Alcohol and marijuana are what economists call "economic complements," at least for college students. There had been concern that the two were "substitutes," and that anti-alcohol policies by colleges inadvertently contributed to a 22 percent increase in marijuana use among college students between 1993 and 1999.
But researchers who analyzed evidence from the Harvard School of Public Health College Alcohol Study -- which included data on students from 1993, 1997 and 1999, and covered 140 schools in 40 states -- found that the drugs are complements.
- Researchers found that marijuana use -- as well as alcohol use -- declined following a wave of private and public initiatives, including raising the price of alcohol (often through a higher beer tax), and restricting access to alcohol through campus bans or state laws restricting happy hours.

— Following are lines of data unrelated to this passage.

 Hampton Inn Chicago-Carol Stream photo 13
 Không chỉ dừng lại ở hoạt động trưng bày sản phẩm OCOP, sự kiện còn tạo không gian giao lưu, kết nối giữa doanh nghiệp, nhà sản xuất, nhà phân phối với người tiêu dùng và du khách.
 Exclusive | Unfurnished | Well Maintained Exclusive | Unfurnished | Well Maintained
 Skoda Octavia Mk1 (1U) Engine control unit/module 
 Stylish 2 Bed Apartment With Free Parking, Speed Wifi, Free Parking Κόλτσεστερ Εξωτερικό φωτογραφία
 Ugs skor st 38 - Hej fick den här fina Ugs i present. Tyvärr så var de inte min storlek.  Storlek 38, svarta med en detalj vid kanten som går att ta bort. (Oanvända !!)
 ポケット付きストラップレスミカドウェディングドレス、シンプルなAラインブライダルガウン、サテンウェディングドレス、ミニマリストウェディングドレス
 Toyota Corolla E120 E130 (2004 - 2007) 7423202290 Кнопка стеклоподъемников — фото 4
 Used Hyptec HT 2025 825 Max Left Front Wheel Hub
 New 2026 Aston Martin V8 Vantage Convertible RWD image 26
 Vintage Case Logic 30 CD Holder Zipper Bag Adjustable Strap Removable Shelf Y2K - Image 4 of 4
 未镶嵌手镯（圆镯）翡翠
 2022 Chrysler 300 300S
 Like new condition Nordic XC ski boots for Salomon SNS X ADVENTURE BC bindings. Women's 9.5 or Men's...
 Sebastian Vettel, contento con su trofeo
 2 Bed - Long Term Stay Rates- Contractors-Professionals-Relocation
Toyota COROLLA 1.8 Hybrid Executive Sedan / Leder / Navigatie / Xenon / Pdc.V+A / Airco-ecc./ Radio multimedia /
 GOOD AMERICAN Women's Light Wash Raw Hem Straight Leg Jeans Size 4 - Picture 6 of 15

- Banning alcohol on campus shrank the use of both alcohol and marijuana by female students of all ages; however, it did not effect use by males.
- Also, the various changes in alcohol policies had the same impact on individuals under the age of 21 as on those of legal drinking age.
The more likely explanation for the rise in the use of marijuana by college students, the authors suspect, is that its price has dropped significantly in the past decade.
Source: David R. Francis, "College Drinking and Drug Use," NBER Digest, November 2001; based on Jenny Williams, et al., "Alcohol and Marijuana Use Among College Students: Economic Complements or Substitutes," NBER Working Paper No. 8401, July 2001, National Bureau of Economic Research.